Las redes se hicieron masivas, se convirtieron en el gran negocio de nuestra época y se deshumanizaron. Las campañas de propaganda, desinformación y acoso fueron digitalizadas y decidieron elecciones. Llegaron las cuentas falsas, los bots, los ataques coordinados, la desidia de las plataformas, la polarización alentada por medios y partidos, los trolls profesionales. Subió el tono en el Congreso, la televisión y las calles. Ocurrió lo contrario a lo esperado, e internet provocó que la torre de cristal, lejos de romperse, se alzara aún más.
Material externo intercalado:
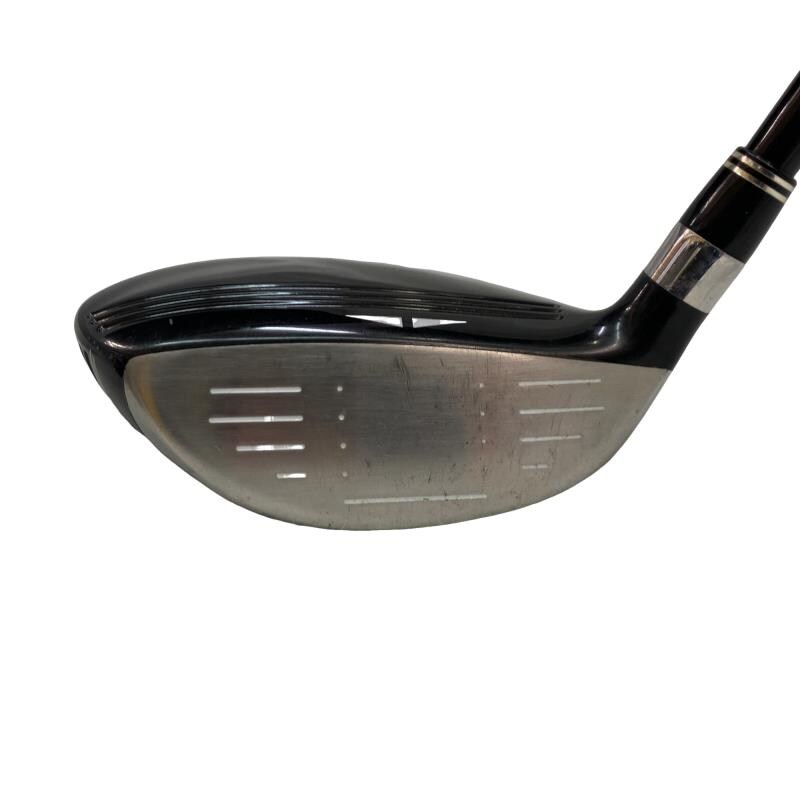 �o�g�x�y�i�Q�O�P�S�j�@�T�v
Quienes estaban más expuestos a la opinión pública (políticos, periodistas, columnistas, activistas, incluso creadores de contenidos) tuvieron que desarrollar una piel dura contra los ataques extremos que les permitía hacer su trabajo pero también les aislaba.
La analista política Sarah Santaolalla contó al periodista Martín Bianchi que tiene 2.000 wasaps sin contestar, la mayoría insultos o amenazas anónimas organizadas a través de chats de ultraderecha. “Tuve que desactivar el buzón de voz porque tenía que estar todo el rato borrando insultos para recibir nuevos. Me siento acosada todos los días, pero no voy a cambiar de número, ni de casa ni de vida porque unos fascistas me persigan”, dijo. Santaolalla ha aprendido a desensibilizarse. Hay una parte estructural en su acoso: las mujeres, especialmente periodistas, son más propensas a sufrirlo.
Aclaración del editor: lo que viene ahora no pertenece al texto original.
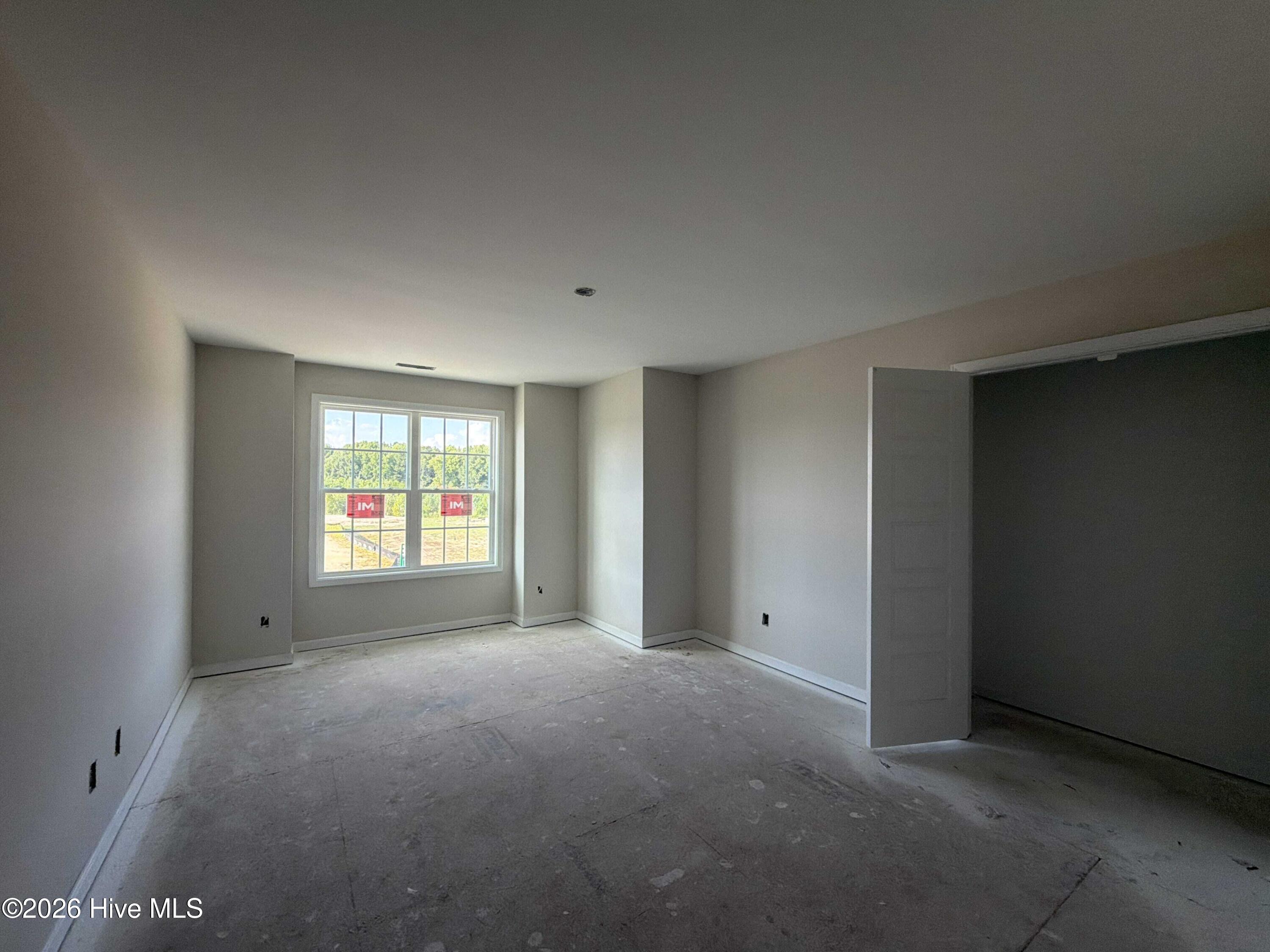 91 Crossvine Street Property Photo 18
Carlos Mazón se acaba de caer estrepitosamente de la torre de cristal. Parece que la rendija se abrió cuando escuchó en persona a las víctimas y su propia madre le dijo que “hasta aquí”. No se resquebrajó tanto como para dimitir bien, pero sí lo suficiente como para hacerlo. Intento imaginar el proceso: al principio, piensas que va con el cargo y que así es el juego, con los años dejas de escuchar, sobrevives, normalizas lo extraordinario, separas lo que ocurre en tu móvil de la vida cotidiana. Como decía Alex de la Iglesia, encuentras una ideología y un grupo que te reafirma. El otro se convierte en una cifra, una cuenta en redes, un enemigo sin cuerpo. Finalmente, te resbala todo. Quizás sucede al revés, y los más expuestos poseen, sobre todo si triunfan, una inclinación natural al embrutecimiento porque ¿qué persona equilibrada desearía sufrir tanta violencia? Es preocupante que la maravillosa posibilidad de comunicación abierta por lo digital se haya transformado en un acoso sistémico que insensibiliza al poder, erosiona la democracia y aleja a las almas sensibles de los puestos públicos. Solo aquellos con la piel más dura sobreviven, y es a cambio de no sentir nada.